Guardando dentro quella, pur millimetrica, crescita ci si accorge che discende tutta dalle esportazioni. E, fra quelle, deriva dalla crescita delle esportazioni verso gli Stati Uniti (+49,3 in un anno, calcolato a febbraio). Ergo: a determinare la (troppo piccola) crescita è la capacità dei nostri esportatori, ma quella c’era anche prima, c’era anche mentre restavamo in recessione, a far la differenza è la svalutazione dell’euro sul dollaro e la diminuzione dei costi energetici. Tutta roba che non dipende da noi. Ripeto: lasciamo da parte le polemiche di cortile, inutili, ciò che conta è che qui non è ancora successo niente che possa smentire una previsione di crescita annua che non solo è troppo bassa, ma è destinata ad aumentare il nostro svantaggio competitivo rispetto ad altri paesi europei, Germania in primis (cui va il merito, non certo la colpa, di avere già fatto quel che da noi ancora si discute).

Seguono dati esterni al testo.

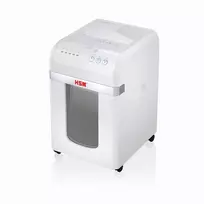 Popieriaus smulkintuvas su automatiniu padavimo mechanizmu HSM Autofeed X200, 30 l, P4, 4 x 12 mm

Gerhard Schroeder, che di quelle riforme tedesche fu l’autore politico, oggi punta il dito su quel che ripetiamo da tempo: il problema non è la Grecia, ma la Francia e l’Italia. Si chiede: “cosa può succedere se queste due importanti nazioni non aumentano la loro capacità produttiva e non sanno migliorare la loro competitività?”. Lascia in sospeso l’interrogativo, ma è chiaro che teme il risorgere di tensioni ingovernabili, fin qui anestetizzate dall’opera della Banca centrale europea. Ebbene, i dati che sono stati nascosti dimostrano proprio quello: non stiamo aumentando e non stiamo migliorando.

Per riuscirci dobbiamo approfittare dei bassi tassi d’interesse, che aiutano a lenire il dolore sociale di riforme che tolgano sicurezze e diritti acquisiti, aprendo a meritocrazia e competizione. Ma è una parentesi breve. Approfittarne significa tagliare la spesa pubblica corrente e aumentare quella per investimenti. Il contrario di quel che si è fin qui fatto, visto che si sono tagliati i secondi, come ieri ha confermato Draghi. E il contrario di quel che ci si propone di fare, assumendo nuovi dipendenti pubblici senza concorso e selezione. Significa usare la vendita di patrimonio pubblico per abbattere il debito, mentre oggi se ne usano i proventi per tenere sotto controllo il deficit, così non dovendo diminuire la spesa improduttiva. Significa restringere il perimetro dello Stato, laddove ancora lo si allarga. Significa diminuire stabilmente la pressione fiscale e stabilizzare la normativa, mentre ancora cresce e il satanismo erariale raggiunge vette inimmaginabili, con il contribuente minacciato di indagini se solo osa mettere nella dichiarazione le spese mediche. Questa, e altra, è la roba che ci tiene inchiodati. E non serve a un accidente occultare i numeri sgraditi, o limitarsi a commentare: finalmente si rivede il segno positivo. In un’afosa giornata d’agosto anche chi precipita da un grattacielo sente un po’ d’aria finalmente circolare. Meglio che se la goda in fretta.